Etude systématique des réactions de diffusion des neutrons sur les matériaux de structure d'intérêt pour les applications électronucléaires

Les réactions de diffusion élastique et inélastique sur les matériaux de structure ont un impact non négligeable sur la simulation du transport des neutrons dans ces matériaux. Les données nucléaires des matériaux de structure d’intérêt pour les réacteurs nucléaires et les études de criticité doivent être connues avec une bonne précision sur un large domaine en énergie du neutron incident, allant de quelques dizaines de meV à plusieurs MeV. Or, la méconnaissance de ces réactions empêche d’atteindre la précision souhaitée.

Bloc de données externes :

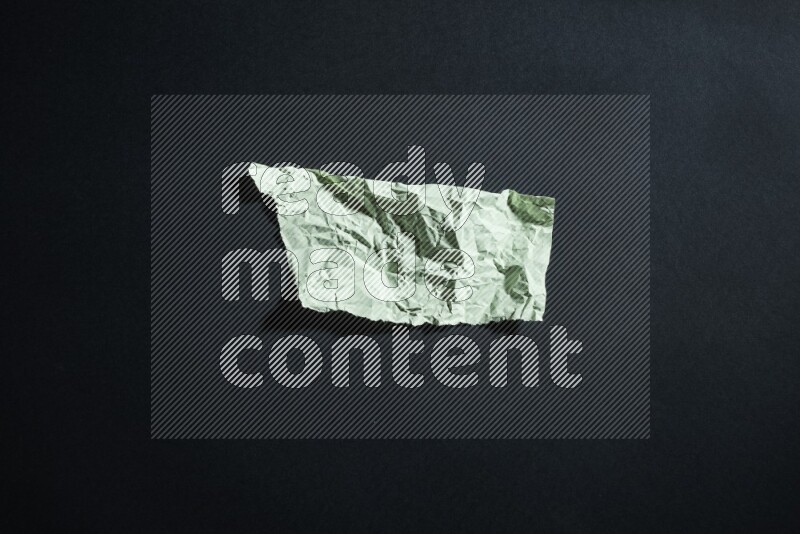 Green paper sheet on black background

Cette proposition de thèse vise à mener une étude systématique des réactions de diffusion au-delà du domaine des résonances résolues jusqu’à 5 MeV, domaine dans lequel ni le formalisme de la Matrice-R ni le modèle statistique Hauser-Feshbach ne sont applicables pour les matériaux de structure. L’absence de modèle nucléaire utilisable nécessite la mise en place d’un nouveau formalisme alimenté par des mesures à haute résolution des distributions angulaires associées aux réactions de diffusion. Ce travail portera plus précisément sur des mesures déjà réalisées (sodium [1], fer [2]) et sera étendu à d’autres éléments étudiés dans le cadre du projet international INDEN de l’AIEA, tels que le cuivre, chrome et nickel. Pour cela, La base de données expérimentales disponible sera complétée dans le cadre de cette thèse par de nouvelles mesures sur les isotopes du cuivre (Cu63 et Cu65). Les mesures seront réalisées au JRC Geel avec le multi-détecteur ELISA. Concernant le cuivre, les benchmarks intégraux de la base de criticité ICSBEP ont révélés plusieurs lacunes dans les bibliothèques JEFF de données nucléaires évaluées qui questionnent indirectement la connaissance des données nucléaires de l’U235. Par exemple, les benchmarks ZEUS, utilisés pour étudier la section efficace de capture de l’U235 dans le domaine en énergie des neutrons rapides, sont très sensibles aux données nucléaires du réflecteur en cuivre. Ce type de benchmark permettra de quantifier l’impact du nouveau formalisme d’évaluation des données nucléaires des matériaux de structure.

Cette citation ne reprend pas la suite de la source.